I can't believe what a difference in mobility 21 pounds makes.
I can walk up the stairs now without my knees hurting.
I know I will slow down at some point, but right now I am feeling good.
Next week my goal is to start back to walking a good thirty minutes to an hour a day.


----------



## wildhorse (Oct 22, 2006)

Congrats that's wonderful news.


----------



## roadless (Sep 9, 2006)

Wow! Good for you! Isn't it empowering to be on track ?


----------



## Kris in MI (May 30, 2002)

Wow! It's great you're seeing such awesome results so fast.

How do you keep your calories to 1200 a day?


----------



## LaDena (Mar 9, 2011)

I'm new here but just wanted to cheer you on and encourage you )


----------



## MNBobcat (Feb 4, 2011)

Hi Callie,

Good for you! Keep up the great work!

I've lost 73 pounds since last May. My A1C went from 6.7 to 5.7, my cholesterol is now normal and I've stopped snoring. I'm 15 pounds away from my goal weight. 

Stay motivated...you can do it and you'll feel great when you get there!


----------



## jersey girl (Nov 21, 2005)

What great motivation for me starting out. Congrats an keep going. YAY!!!


----------



## calliesue (Sep 5, 2009)

I am not on the computer as much as I was. but this Wed I weighed 259
checked in my log book and my actual start date was 2/17 not 2/23. So thirty pounds in one month. Yippe! 
I am keepin my calories to 1,200, or pretty close by drinking three 200 calorie shakes a day , maybe four , and eating 2 small 250 -300 calorie meals a day. If I eat a salad I don't count the calories in the dressing.
The shakes I am drinking are Syntha6 . I get the vanilla ice cream flavor powder and mix it with cold water.
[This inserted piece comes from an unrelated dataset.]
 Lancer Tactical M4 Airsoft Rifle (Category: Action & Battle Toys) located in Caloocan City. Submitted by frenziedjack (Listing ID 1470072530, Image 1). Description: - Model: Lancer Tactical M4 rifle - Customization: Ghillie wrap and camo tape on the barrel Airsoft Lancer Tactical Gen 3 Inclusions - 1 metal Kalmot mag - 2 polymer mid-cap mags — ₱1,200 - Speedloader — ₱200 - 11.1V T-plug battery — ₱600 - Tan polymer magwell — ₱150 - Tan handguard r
A spoon of instant coffee and it taste like a starbucks mocha like you get at the C store.I blend one at night with frozen fruit at for a pretty good lowcal desert smoothie.


----------



## Yldrosie (Jan 28, 2006)

Congratulations. It is so hard to lose those pounds.


----------



## farmgal (Nov 12, 2005)

awesome! I am counting calories also and its working great for me. I am eating 1000cal a day, some days 800, some 1100. I was only 20 lbs from my goal weight and I am a bit shorter. Therefor, my daily calorie needs were not much to begin with. So far the scale shows 13lb loss from march 1st, I am only counting 9lbs of that. I think some was water. 

Either way, counting calories is working! Keep up the good work and keep everyone posted!


----------